Mais uma morte por complicações da febre chikungunya foi registrada em Dourados. Trata-se de um idoso de 78 anos, morador da área urbana, que tinha doença respiratória crônica e diabetes.
Conforme o documento, o idoso apresentou os primeiros sintomas da doença no dia 14 de maio, sendo internado já no dia seguinte, no Hospital Universitário da UFGD. Apesar dos esforços das equipes médicas, o paciente não teve melhoras e faleceu na quarta-feira (03).
Com isso, o município chega a 14 óbitos confirmados desde o início do ano. A atualização consta no Relatório Epidemiológico Diário, divulgado nesta sexta-feira (5) pela Secretaria Municipal de Saúde.
Perfil das vítimas
Dados mostram que metade das mortes ocorreu em pessoas com idade entre 69 e 82 anos, grupo mais vulnerável por causa da idade e doenças pré-existentes.

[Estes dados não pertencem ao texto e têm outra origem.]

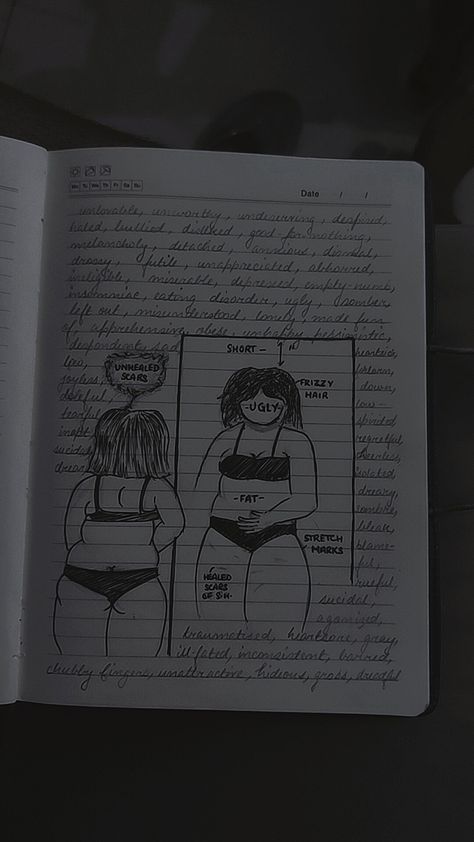 Insecurities|fatphobic|mentalhealth|bullying Drawing Insecurities, Insecure Body Drawing, Body Image Art, Pillow Thoughts, Anger Issues, Drawings Simple, Body Drawing, Class Ideas, Art Inspiration Drawing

Também houve registro de óbitos em bebês de 1 e 3 meses, uma criança de 12 anos e adultos de 29 a 55 anos. Do total, 10 das 14 vítimas são indígenas, população que foi profundamente atingida nos primeiros meses da epidemia.
Além dos casos já confirmados, outras quatro mortes seguem em investigação:
- Área urbana: mulher de 74 anos (doença renal e hipertensão), homem de 71 anos (diabetes) e homem de 43 anos (sem doenças prévias registradas)
- Reserva Indígena: jovem de 19 anos, que teve sintomas em 14 de março e morreu em 29 de maio no Hospital da Missão
Todos os materiais são enviados ao Laboratório Central (Lacen), em Campo Grande, para análise definitiva.
Transmissão segue muito alta
O relatório alerta que a taxa de positividade permanece entre 50% e 54%: isso significa que, de cada 100 pessoas que procuram atendimento com sintomas, mais da metade está realmente infectada — um índice considerado muito acima do limite de segurança, que é de apenas 5% segundo a Organização Mundial da Saúde. Apesar de leve queda recente, a epidemia segue ativa e intensa.
- Área urbana: 4.500 casos confirmados, mais 406 em investigação
- Reserva Indígena: 2.100 casos confirmados, com 266 aguardando diagnóstico
Enquanto na zona rural e nas aldeias os números começam a cair, na área urbana a circulação do vírus continua forte e os atendimentos ainda crescem, causando sobrecarga na atenção básica, nas emergências e na ocupação de leitos hospitalares.
Alerta à população
As autoridades reforçam que a doença é transmitida pelo mosquito Aedes aegypti e que o controle depende da eliminação de criadouros. Mesmo com a queda em algumas regiões, os números ainda são alarmantes e mostram que o combate não pode parar.
A maioria das pessoas apresenta sintomas leves, mas idosos, crianças pequenas, gestantes e quem tem doenças crônicas têm risco muito maior de complicações graves ou evolução para óbito. Qualquer sintoma, como febre alta, dor intensa nas articulações, manchas na pele e cansaço extremo deve ser avaliado rapidamente por profissionais de saúde.